Spis treści
- "Dalej jazda" w kinach. O czym opowiada film?
- "Dalej jazda" komedią wyjątkową?
- "Dalej jazda": o pracy na planie i improwizacji
"Dalej jazda" w kinach. O czym opowiada film?
"Dalej jazda" to piękna i urocza historia pary seniorów, Eli i Jóźka, którzy postanawiają wybrać się w sentymentalną podróż przez Polskę. Przygotowania do szalonej eskapady wspiera wnuczka Justyna, która niebawem urodzi ich prawnuka, oraz zgryźliwy sąsiad Antoni Kryska. Jednak troskliwy syn Andrzej ani myśli puścić rodziców w świat. Przebojowi staruszkowie kradną więc kultową nyskę z jego komisu i ruszają, by spełnić marzenia. Elżbieta i Józiek jadą na własnych zasadach: śmieją się, ryzykują i kochają, jakby mieli po 20 lat. To, co wydarzy się po drodze, zmieni nie tylko ich, ale zbliży całą rodzinę Gugulaków.
Polecany artykuł:
"Dalej jazda" komedią wyjątkową?
Jedną z gwiazd filmu jest Anita Sokołowska, która wciela się w postać synowej głównych bohaterów. Zdaniem aktorki "Dalej jazda" wyróżnia przede wszystkim fakt, iż jest mądrą, wielopokoleniową opowieścią, w której każdy widz, niezależnie od wieku, znajdzie coś dla siebie.

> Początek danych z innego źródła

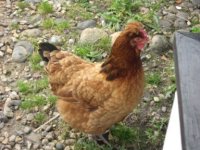 chickens 112_renamed_27120.jpg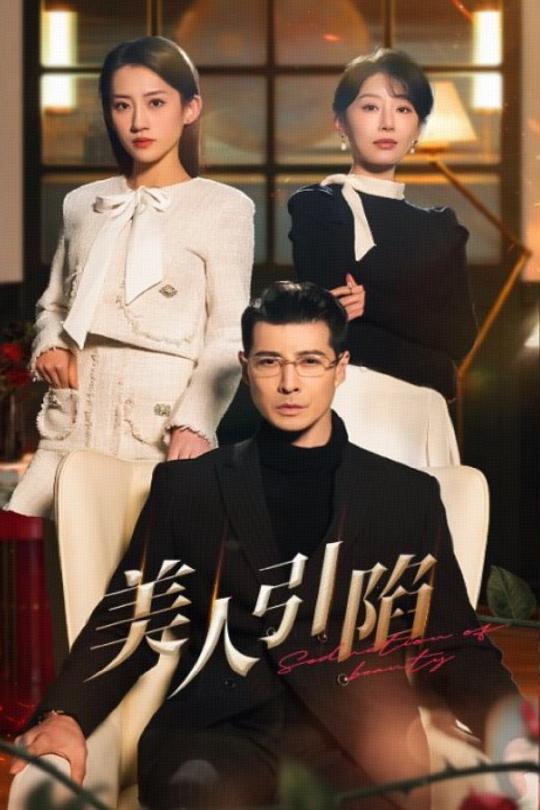 美人引陷第01-30集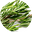 rosemary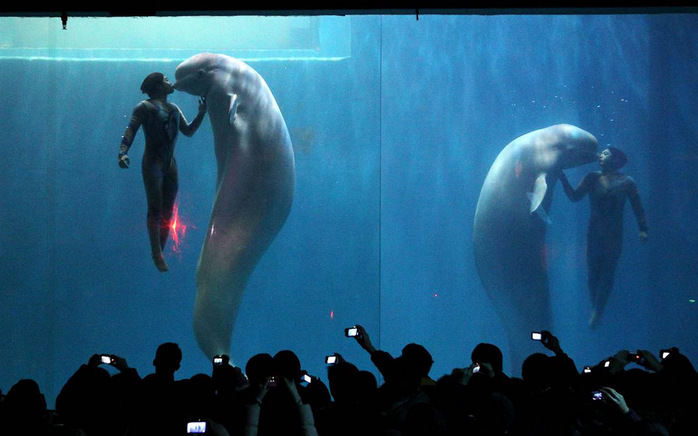 animals-4 (700x436, 94Kb)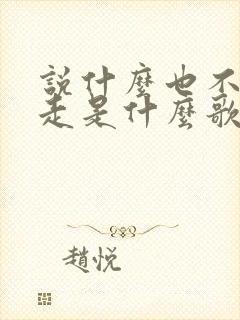 说什么也不让你走是什么歌的歌词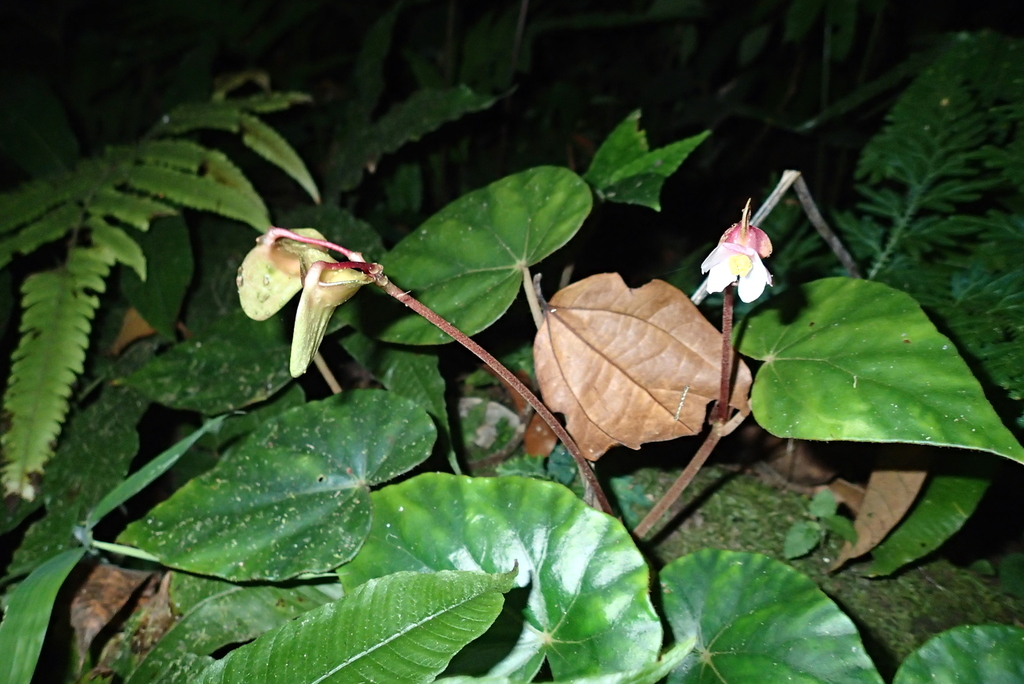 Begonia siamensis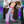 Crew Sock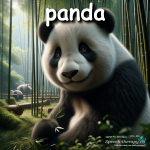 panda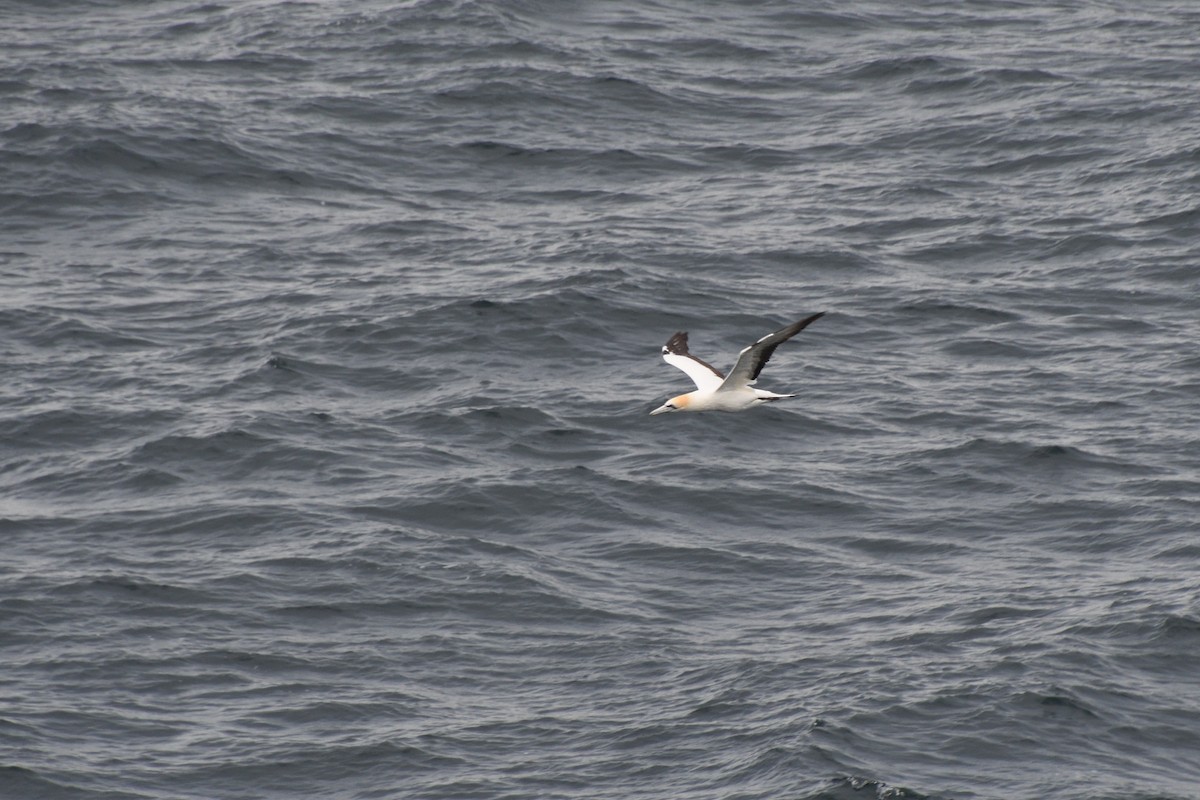 Australasian Gannet - ML321210091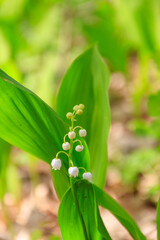 Lily of the valley (Convallaria majalis) white flowers in forest at spring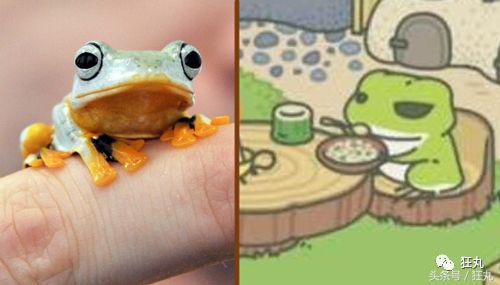 你知道青蛙旅行好玩，但不一定知道真正的青蛙早就玩过太空7日游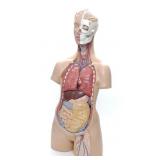 3B German Anatomical Human Torso Medical Model
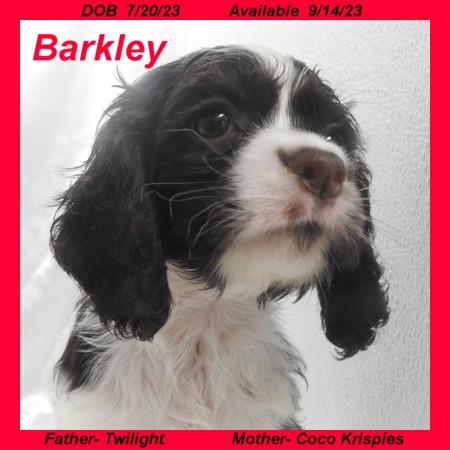 puppy, for, sale, Cocker Spaniel, Joe & Cherri  Overlease, dog, breeder, Miller, MO, dog-breeder, puppy-for-sale, forsale, nearby, find, puppyfind, locator, puppylocator, aca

Wyróżnia się dlatego, że jest to bardzo mądry film. Jest bardzo sentymentalny i wydaje mi się, że bardzo dobrze opowiedziany przez reżysera i operatora. Wyróżnikiem "Dalej jazda" jest też to, że jest to film wielopokoleniowy. Nastolatek może pójść na niego wraz z rodzicami i dziadkami, i na pewno każde pokolenie znajdzie tu coś dla siebie. A takich filmów nie ma. Poza tym występują tu historie polskiego filmu, co dla mnie czyni go bardzo wartościowym – powiedziała Anita Sokołowska w rozmowie z Eską.
"Dalej jazda": o pracy na planie i improwizacji
A jak ekipa dogadywała się za kulisami? Wygląda na to, że na planie panowała iście prawdziwie atmosfera. Zdaniem Anity Sokołowskiej jest to przede wszystkim zasługa producentki "Dalej jazda", Magdaleny Kuczewskiej.
Praca była wspaniała, dlatego że Magda Kuczewska, nasza producentka, ma bardzo dobrą aurę i zatrudnia ludzi, którzy również taką posiadają. Więc miło się przebywało na planie.
Aktorka wyznała również, że szczególnie miło wspomina współpracę z panią Małgorzatą Rożniatowską, jej filmową teściową.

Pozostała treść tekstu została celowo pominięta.